The post -- which can be seen in its entirety below -- has naturally generated a powerful response among Day’s fans. Many commenters have expressed their outrage with the decision, while others have opined that Prince would never have allowed such a move were he still alive.

When reached for comment, a representative for the Prince Estate insisted Day's recount of the situation was incorrect. “Given Prince’s longstanding history with Morris Day and what the Estate thought were amicable discussions, The Prince Estate was surprised and disappointed to see his recent post," the statement read. "The Estate is open to working proactively with Morris to resolve this matter. However, the information that he shared is not entirely accurate.”

Formed in 1981, the Time was the first instance of Prince recruiting and producing another artist. He built the group around Day, whom he’d known since the two were classmates in high school. In the book On Time: A Princely Life in Funk, Day recalled the moment his group was given its name.

“Prince was listening to the Fixx, some cats from London, and thought a name like the Nerve might capture that New Wave culture,” Day wrote. “I didn’t mind the Nerve, but when he said the Time, I blurted out, “That’s hip. That’s it. ‘The Time’ says it all.’”

The Time released four albums from 1981 to 1990, scoring hits with such songs as “Get it Up,” “The Bird,” "777-9311," “Jungle Love” and "Jerk Out.” Prince retained rights over the band name, something that would raise its head many years later.

Following the Time’s early ‘90s breakup, Day regularly toured under the name Morris Day and the Time. In 2008, the original members -- Day, Jimmy Jam, Jellybean Johnson, Jesse Johnson, Terry Lewis, Monte Moir and Jerome Benton -- reunited and began working on a new album.

“When Prince heard the news, he popped up out of nowhere and made it clear the record couldn’t carry the name the Time,” Day recalled in his memoir. “Turned out after thirty-one years he was reminding everyone that he still owned the name. Yet I’d been touring for decades under Morris Day and the Time, and all that while without a peep from Prince.”

Prince ultimately refused to let a new LP be released under the Time’s name. Instead, Day and his bandmates put out their 2011 album as the Original 7ven. That name would be used as the group toured in support of the LP, but Day reverted to Morris Day and the Time in following years while touring with a completely different lineup. He’d continued using that name without issue until the recent discourse.

Following the estate's statement, Day then released a letter he had received from the estate on Dec. 13, 2021 which noted that Day had sought a federal trademark registration for “Morris Day and The Time," and that, according to a 1982 agreement that Day allegedly signed, Prince’s company would maintain the rights to the band’s name.

“Accordingly, Mr.
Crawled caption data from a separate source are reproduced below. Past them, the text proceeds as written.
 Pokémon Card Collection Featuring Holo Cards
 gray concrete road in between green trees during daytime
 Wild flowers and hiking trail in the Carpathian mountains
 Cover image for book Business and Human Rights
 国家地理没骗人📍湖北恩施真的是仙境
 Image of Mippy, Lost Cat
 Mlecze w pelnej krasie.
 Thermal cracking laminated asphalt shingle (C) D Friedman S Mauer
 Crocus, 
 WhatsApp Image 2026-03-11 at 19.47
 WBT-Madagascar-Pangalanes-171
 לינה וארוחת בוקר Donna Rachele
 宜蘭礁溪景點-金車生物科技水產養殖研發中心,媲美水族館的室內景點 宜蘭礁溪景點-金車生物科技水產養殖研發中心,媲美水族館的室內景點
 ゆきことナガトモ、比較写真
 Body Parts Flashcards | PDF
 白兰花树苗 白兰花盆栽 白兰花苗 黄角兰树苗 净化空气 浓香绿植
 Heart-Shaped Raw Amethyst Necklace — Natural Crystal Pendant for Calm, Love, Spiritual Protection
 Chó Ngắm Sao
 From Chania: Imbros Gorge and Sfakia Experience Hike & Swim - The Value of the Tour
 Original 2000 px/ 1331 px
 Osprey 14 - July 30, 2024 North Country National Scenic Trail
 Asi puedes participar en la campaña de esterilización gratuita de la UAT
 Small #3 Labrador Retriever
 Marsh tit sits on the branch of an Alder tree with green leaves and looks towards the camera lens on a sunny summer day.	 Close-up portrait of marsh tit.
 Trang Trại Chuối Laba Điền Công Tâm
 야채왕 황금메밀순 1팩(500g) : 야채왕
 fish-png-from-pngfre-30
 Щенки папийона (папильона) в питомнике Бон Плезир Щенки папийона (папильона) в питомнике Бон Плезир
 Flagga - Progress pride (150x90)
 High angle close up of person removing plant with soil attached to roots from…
Day has no right to use or register ‘The Time’ in any form,” the letter said (via Billboard). “That includes use and registration of the trademark ‘Morris Day and the Time.’”

The estate threatened to block the trademark registration through legal action, but noted that they would “prefer to discuss this matter with [Day] and resolve it through an agreement," and that, under such an agreement, Day could license his own name back from the estate.

According to Day’s attorney Richard B. Jefferson, these arguments about the rights to the band name were “not accurate.”

“The written agreement between the parties gives our client the exclusive right to continue as Morris Day and the Time and is consistent with Prince’s long-standing consent,” Jefferson said to Billboard.

Currently, Prince's estate is under the control of Comerica, a bank that was appointed to oversee the legal proceedings involving Prince's assets after he died without a will, meaning the aforementioned legal affair is between Day and Comerica, not Prince's actual heirs, which includes his siblings, as well as Primary Wave, a music industry group who purchased a 50 percent stake in the musician's estate.